Brockley means something like ‘badger’s wood’.’ Not a very exciting placename on the face of it and a reminder of a time when London was not the great urban sprawl it has become over the last two centuries. However, the `brook’ element (meaning badger and still in dialect use) comes from the Old English brocc, which is itself one of only a handful of Celtic loanwords into Old English.’
During the aftermath of the Fall of Rome, people moved across the North Sea from what is now northern Germany and Denmark. The scale of that population movement and its consequences are fiercely debated but it did lead to an almost total linguistic shift: English is a Germanic language, unlike the Romance languages of France and Spain for instance. Recent research has suggested that one explanation for the lack of Celtic words being borrowed by the Anglo-Saxons lies in the fact that both societies were essentially very similar. You only borrow words from another language for things you are not familiar with. One example of this (although whether it’s true lies obscured by layers of myth) comes from Captain Cook’s voyage to Australia in 1770. Apparently, Cook saw a peculiar creature, asked a local what the beast was called and the local replied, ‘I don’t know’ or kangaroo!
So were the Germanic peoples entering eastern Britain in the fifth and sixth centuries unfamiliar with badgers? Badgers exist in continental Europe and modern German has a word, dachs, which means badger and gives us dachshund or ‘badger dog’. However, British soils support a far higher population of earthworms (a badger’s main foodstuff) than continental soils. This is apparently due to Britain’s maritime (for which read wet) climate. This means that badgers, reclusive nocturnal animals, live in Britain in far higher numbers and in larger individual groups than they do on the continent. If we then look at somewhere like Denmark, where some of the migrants may have originated, the soils are quite sandy and acidic. Earthworms dislike acidic soils and fewer earthworms means less badgers.
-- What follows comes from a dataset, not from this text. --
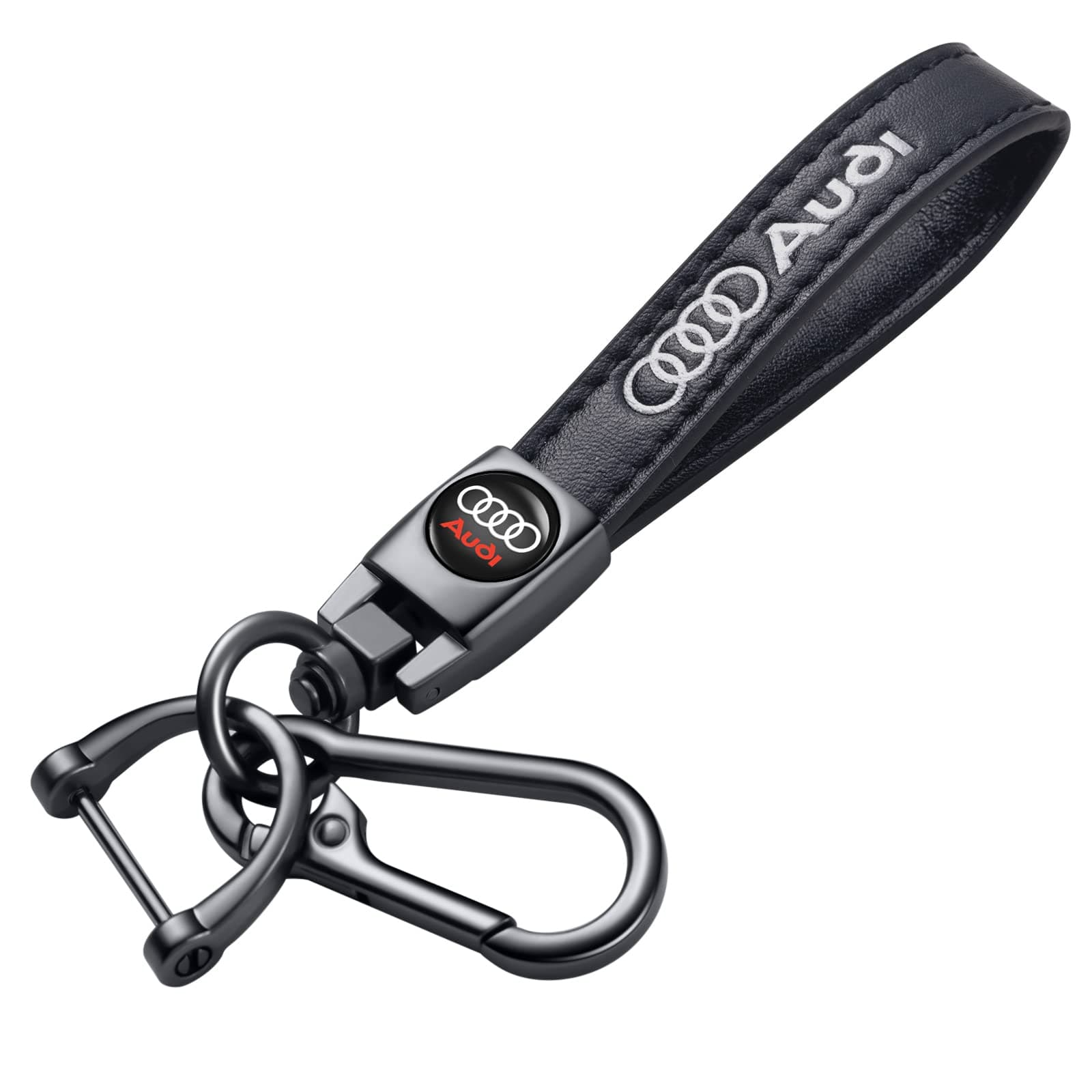 Genuine Leather Keychain Set Compatible with Audi A3 RS3 A4 A5 A6 A7 RS7 A8 Q3 Q5 Q7 R8 Key Chain Accessories Key Ring for Men's-Women's(Black)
I am not trying to say that there were no badgers in the regions where the Anglo-Saxons came from, rather that during the fifth and sixth centuries the odds of seeing a badger were that much less in Jutland. Hence, one of the differences between living there and living here was that you saw more badgers and in greater numbers. Perhaps this is what led to the Celtic word for badger being borrowed into Old English.
1 Gelling, M. 1993 ‘Why aren’t we speaking Welsh?’. Anglo-Saxon Studies in Archaeology and History 6, 51-56. Pg 51
2 Mills, A, 1998 Dictionary of English Placenames. Oxford, Oxford University Press, Pg 58
3 The modern word ‘badger’ is apparently a fairly late term stemming from either the animal’s `bag’ shape or its facial markings or ‘badge’.